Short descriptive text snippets
=== Section Start ===

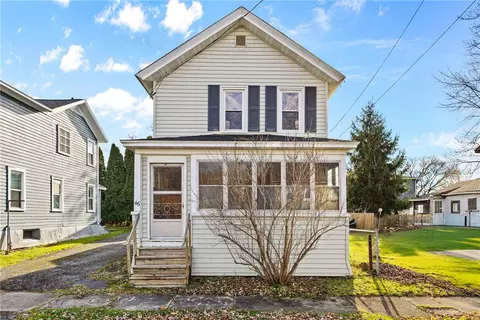 Exterior - 46 Shuler St, Lyons, NY 14489 photo 2 of 9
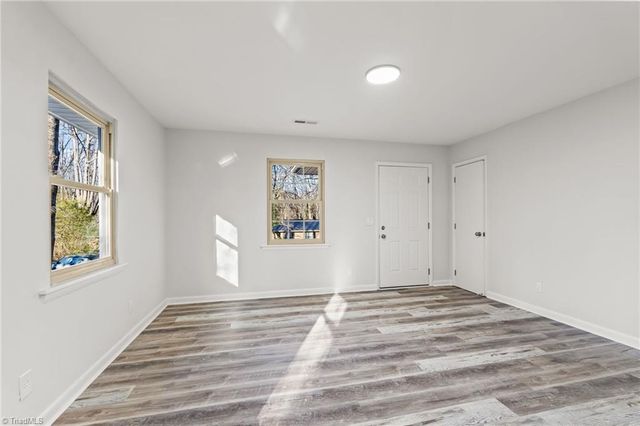 680 NE Amanda Place, Winston-salem, NC 27101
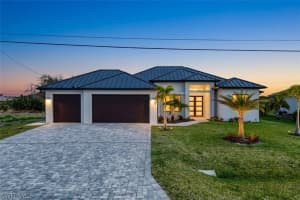 909 Sw 11th Ct, Cape Coral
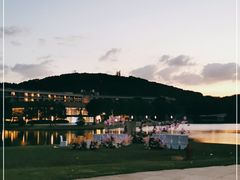 -上海佘山世茂艾美酒店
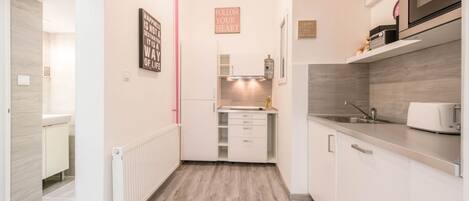 Kjøleskap, mikrobølgeovn, kokeplater og oppvaskmaskin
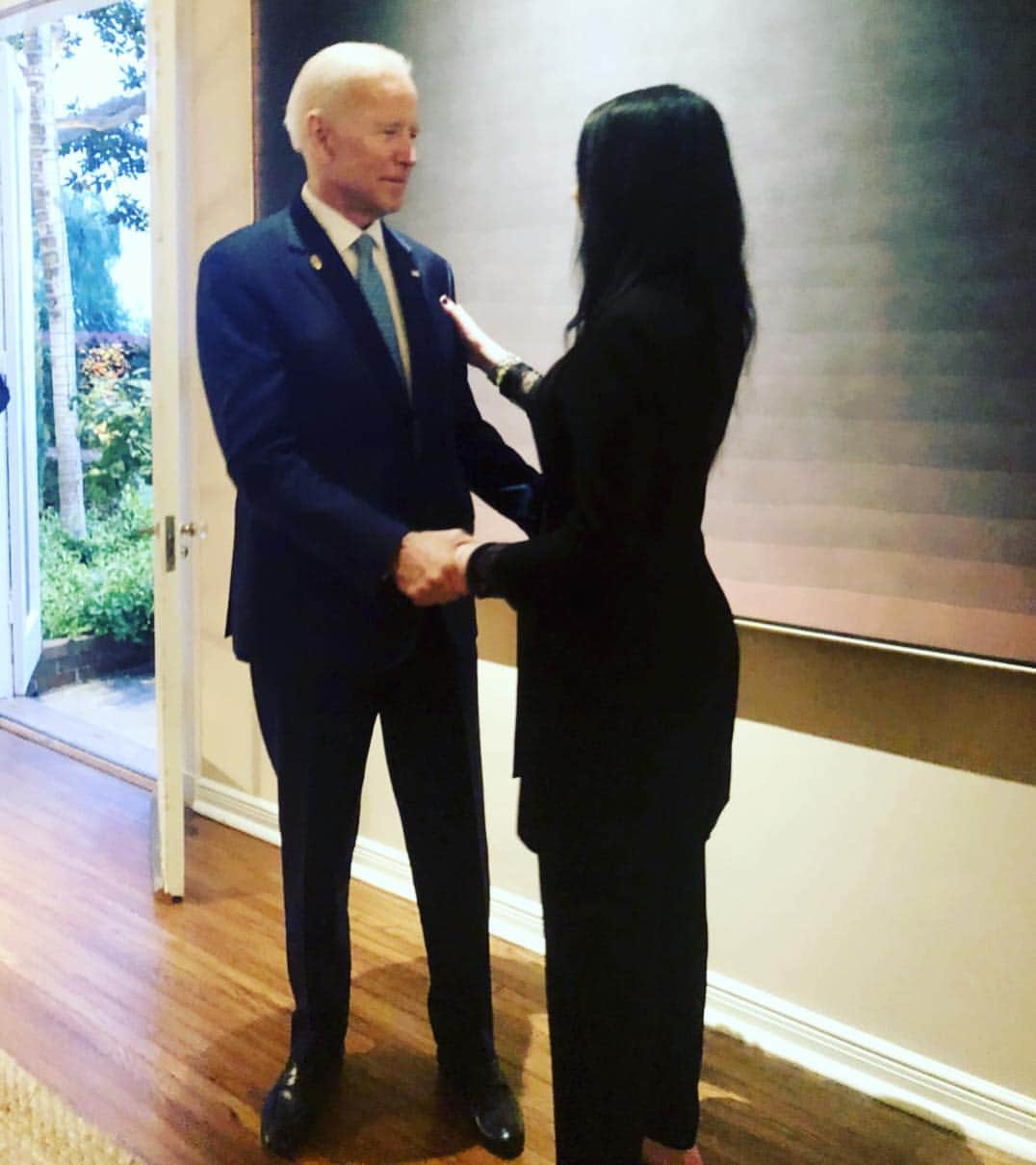 ミシェル・トラクテンバーグさんのインスタグラム写真 - (ミシェル・トラクテンバーグInstagram)「#aboutlastnight I got to meet Vice President @joebiden as he launches his run for the #2020 #Presidential #election. It was a humbling and amazing #experience to get to speak with such a #kind intelligent man who truly cares for our #Country and respects people of all races, religions and leads with grace not bullying. 🇺🇸 #biden2020」5月10日 5時45分 - michelletrachtenberg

=== Section End ===

- [WHAT NEEDS TO BE DONE] Write out exactly the lines from the one containing "Kjøleskap, mikrobølgeovn, kokeplater" through the end of the records above, both included, leaving all pictures out.

- [OUTPUT]
 Kjøleskap, mikrobølgeovn, kokeplater og oppvaskmaskin
 ミシェル・トラクテンバーグさんのインスタグラム写真 - (ミシェル・トラクテンバーグInstagram)「#aboutlastnight I got to meet Vice President @joebiden as he launches his run for the #2020 #Presidential #election. It was a humbling and amazing #experience to get to speak with such a #kind intelligent man who truly cares for our #Country and respects people of all races, religions and leads with grace not bullying. 🇺🇸 #biden2020」5月10日 5時45分 - michelletrachtenberg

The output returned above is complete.